We introduce an experimental design that allows us to observe a proportion of decisions in a lying experiment. We vary the objective probability of observation and compare the differing equilibrium predictions of models, which could not be tested with existing experimental methods.
It is a well-known theoretical result that paying one random decision is not an incentive compatible payment procedure in ambiguity experiments. Recent work by Baillon, Halevy, and Li (2022 - Econometrica) has shown that using this payment procedure may distort decisions by up to 50%! They lay out the dilemma well. You can give a single decision problem and pay subjects for that single decision, which is incentive compatible but restricts the types of questions you can ask, or you can ask multiple questions but risk miscoding people as subjective expected utility maximizers when they actually have ambiguity averse preferences. In this project, we identify and apply a payment procedure that allows us to ask subjects multiple questions, while maintaining incentive compatibility for ambiguity models that satisfy consequentialism.
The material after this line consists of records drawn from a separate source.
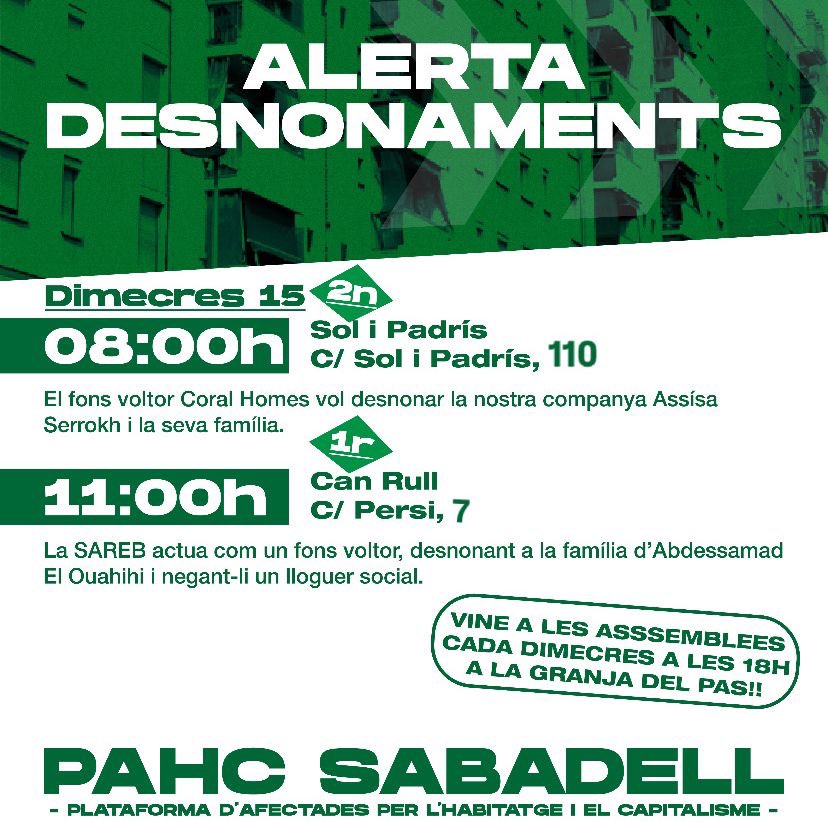 🟢Demà dimecres tenim 2 desnonaments a Sabadell que hem d'aturar.

🚪💥Defensem juntes les nostres cases, només entre totes garantim el dret a l'habitatge!!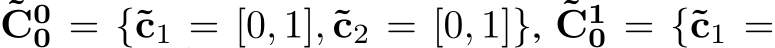 ˜C00 = {˜c1 = [0, 1],˜c2 = [0, 1]}, ˜C10 = {˜c1 =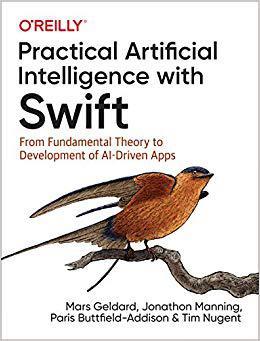 【预售】Practical Artificial Intelligence with Swift: From Fundamental Theory to Development of Ai-Driven Apps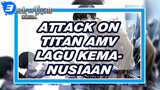 Lagu Kemanusiaan Adalah Lagu Keberanian! | Attack on Titan AMV_3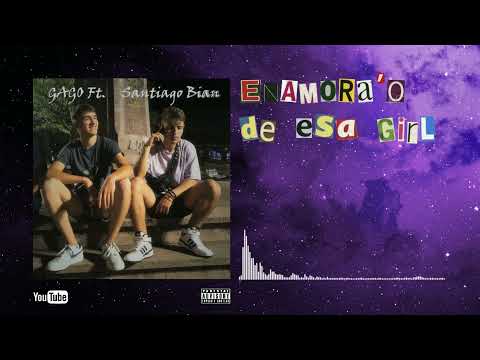 ENAMORAO DE ESA GIRL - G4GO Ft. Santiago Bian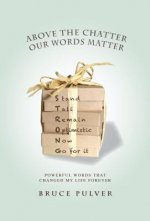 Above the Chatter, Our Words Matter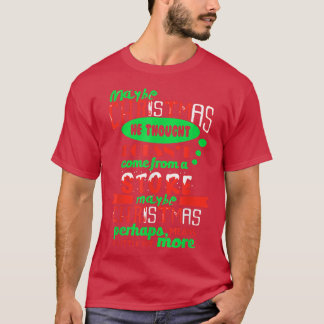 Camiseta Quizá Navidades que pensó que no venían de un Sto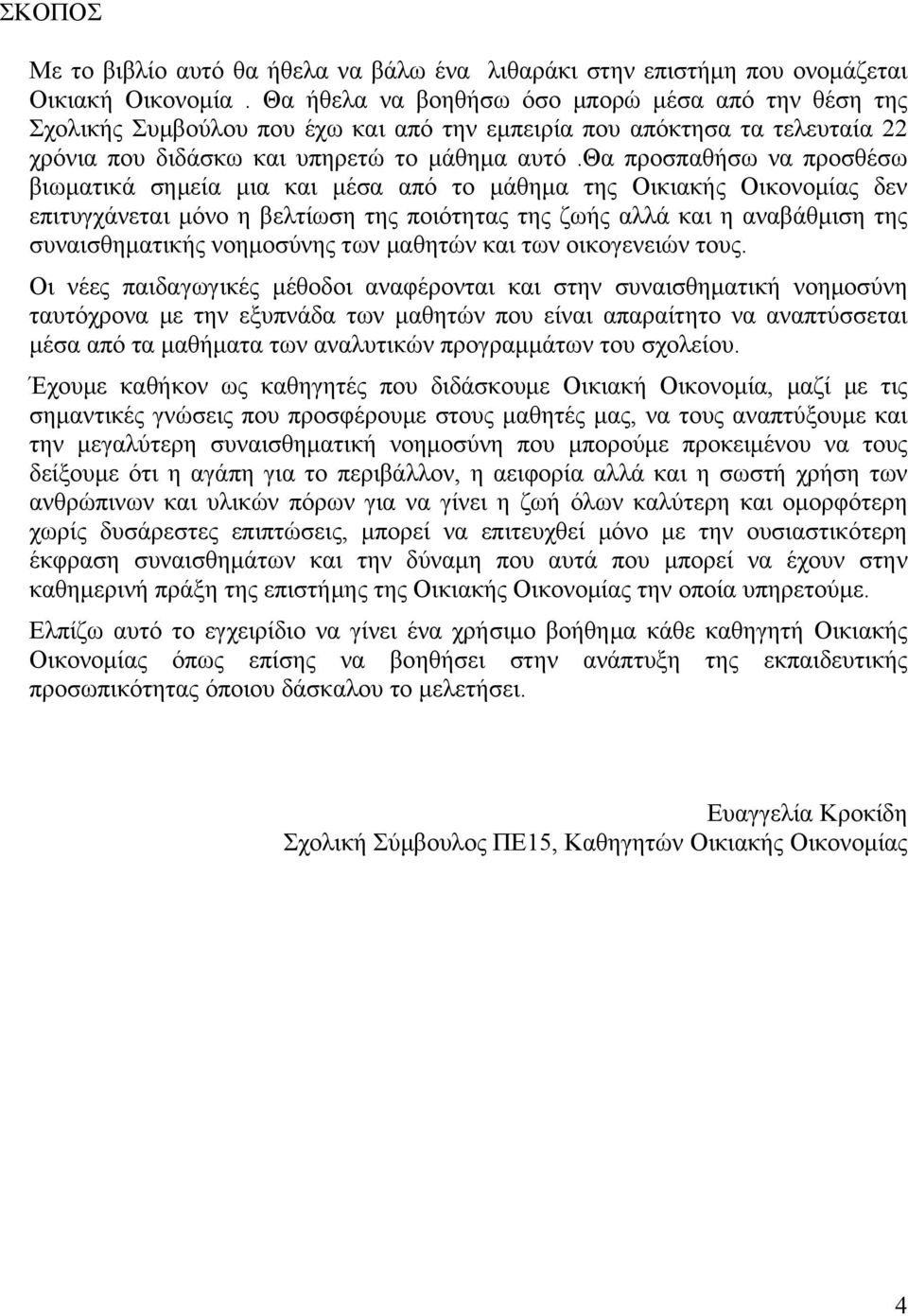 θα προσπαθήσω να προσθέσω βιωματικά σημεία μια και μέσα από το μάθημα της Οικιακής Οικονομίας δεν επιτυγχάνεται μόνο η βελτίωση της ποιότητας της ζωής αλλά και η αναβάθμιση της συναισθηματικής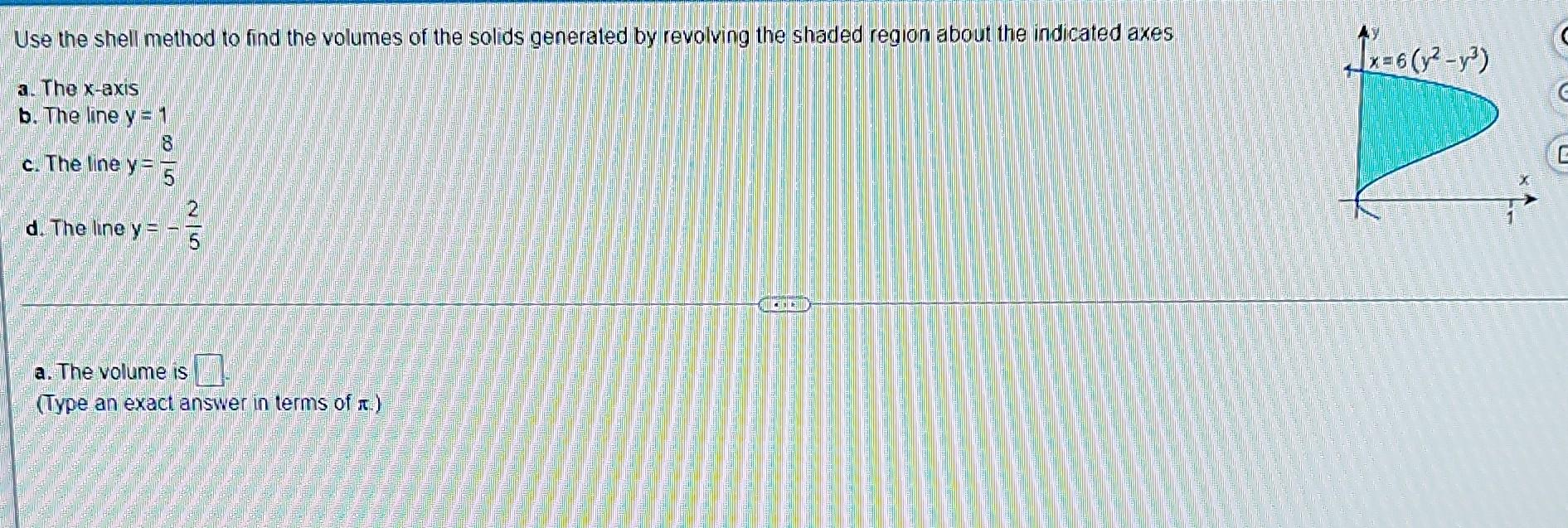 Use The Shell Method To Find The Volume Of The Solid Generated By Revolving The Region Bounded By The Curves And Lines A 2
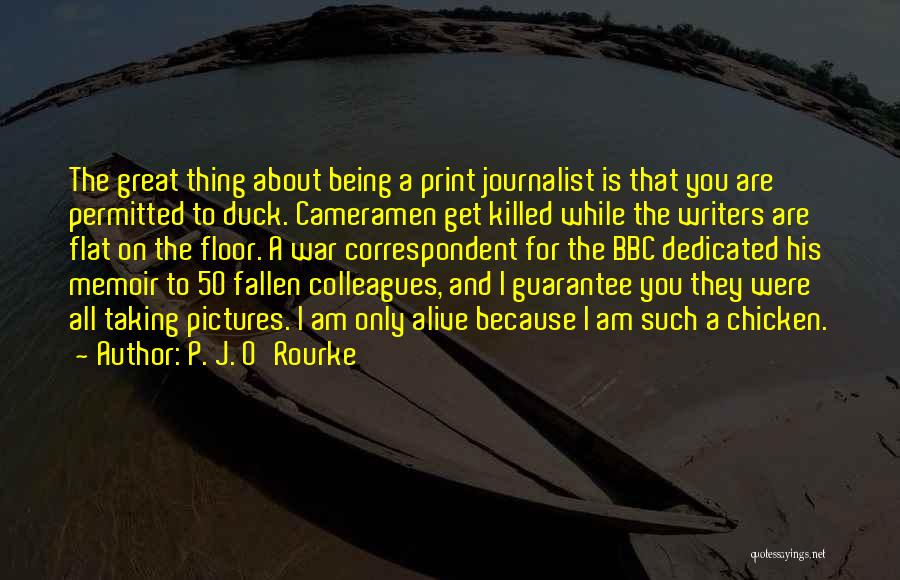 P. J. O'Rourke Quotes: The Great Thing About Being A Print Journalist Is That You Are Permitted To Duck. Cameramen Get Killed While The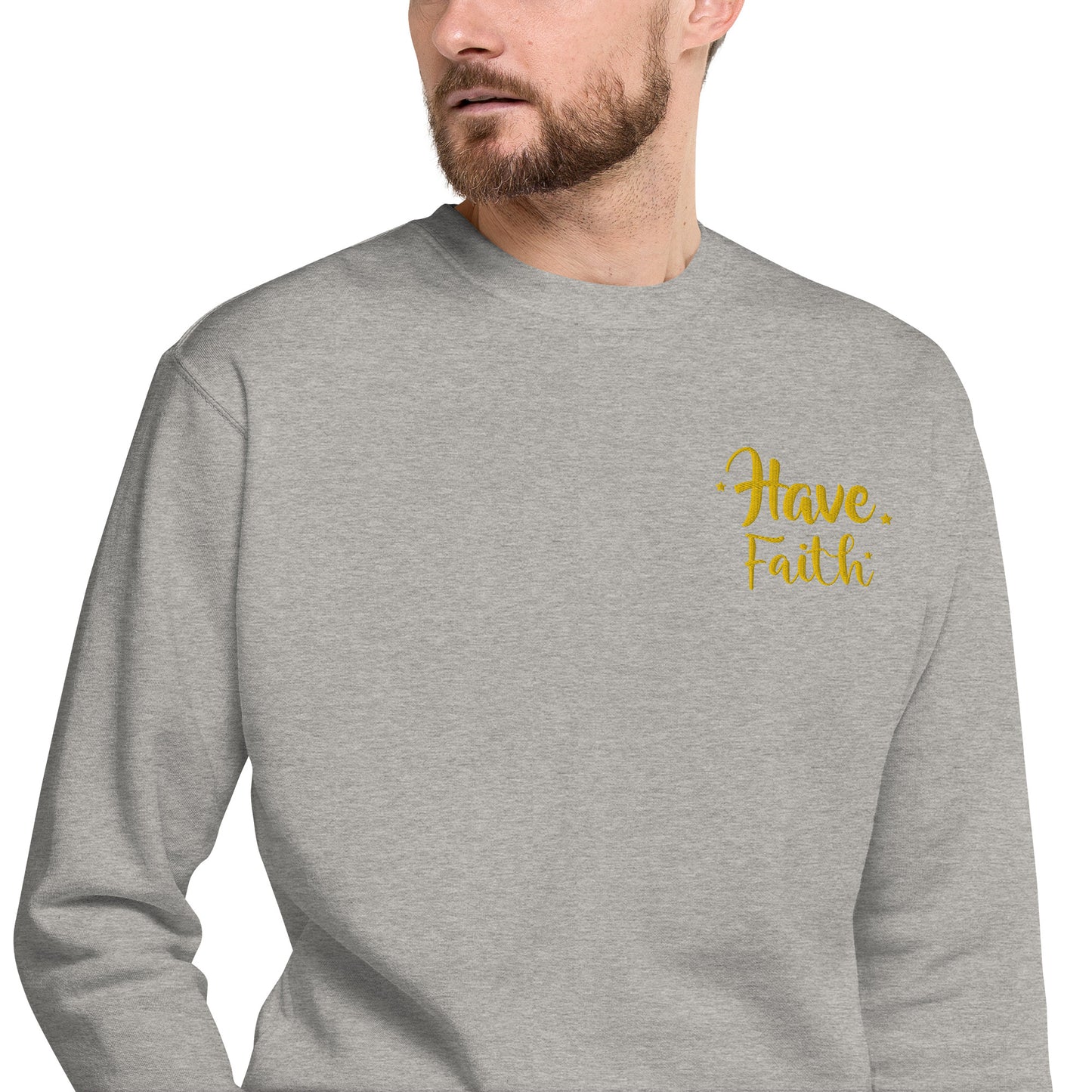 Have Faith Sweatshirt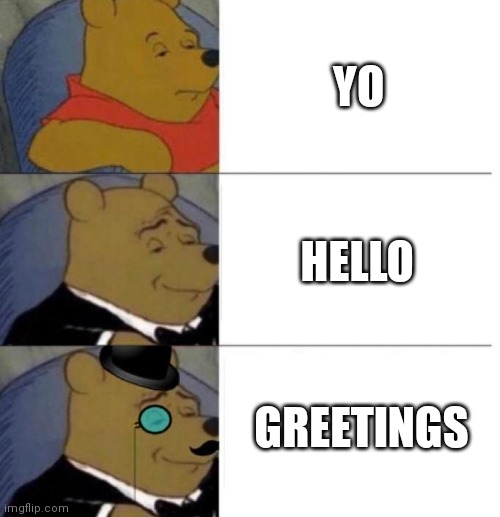 Tuxedo Winnie the Pooh (3 panel) | YO; HELLO; GREETINGS | image tagged in tuxedo winnie the pooh 3 panel | made w/ Imgflip meme maker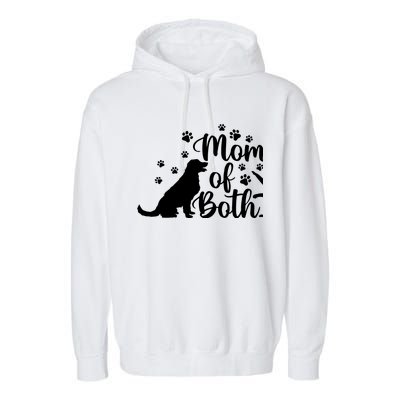 Mom Of Both Cat And Dog Mom Gift Crazy Cat Lady Dog Lover Garment-Dyed Fleece Hoodie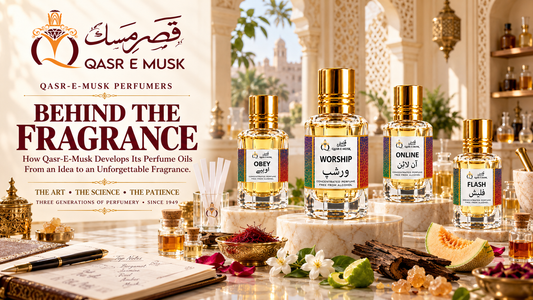 Behind the Fragrance: How Qasr-E-Musk Develops Its Perfume Oils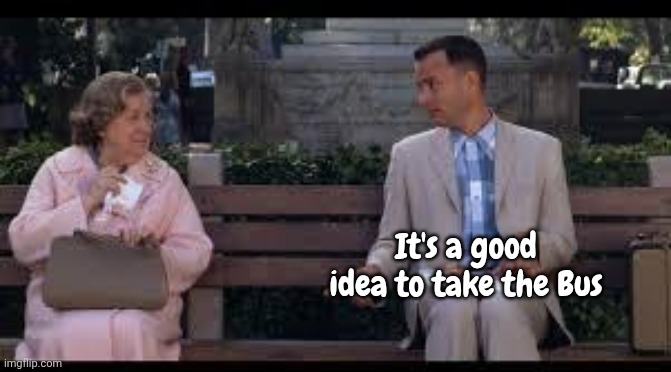 It's a good idea to take the Bus | image tagged in forrest gump box of chocolates | made w/ Imgflip meme maker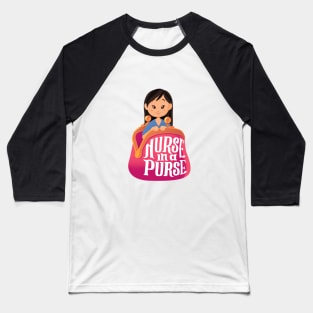 Nurse in a Purse v4 Baseball T-Shirt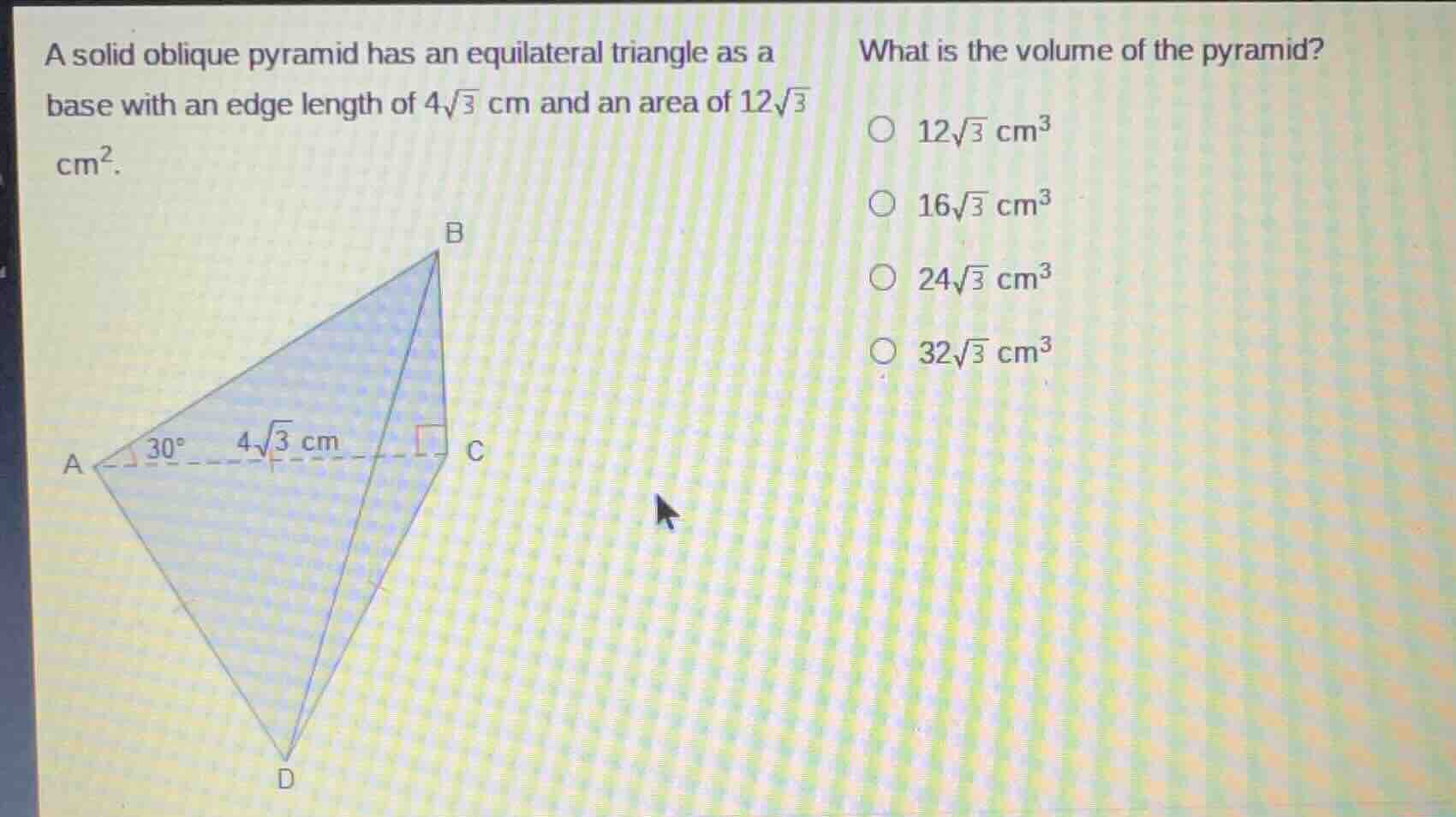 a solid oblique pyramid has an equilateral triangle as a base with an e…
In a US population, we study lying behavior in an uncertain environment where karmic motivations may be relevant. We hypothesize that karmic motivations may not be as prominent in our population, so we implement a treatment where subjects are given a religious prime before participating in the task. If this prime makes religious identity more salient, then behavior should shift to being consistent with karmic motivations (which are common even in western religions). We additionally introduce a money prime and a competitive prime to test if these shift behavior to more lying without following the pattern consistent with a karmic motivation.
We test the concept of "Detectable vs Deniable Lies" (Tergiman & Villeval, 2023 - Management Science) in an individual decision setting. For this setting, we analyze equilibrium behavior of a model that considers a fixed lying cost and social image concern. We vary the probability of observation and the value of the deniable lie and compare our results to the comparative statics of the model.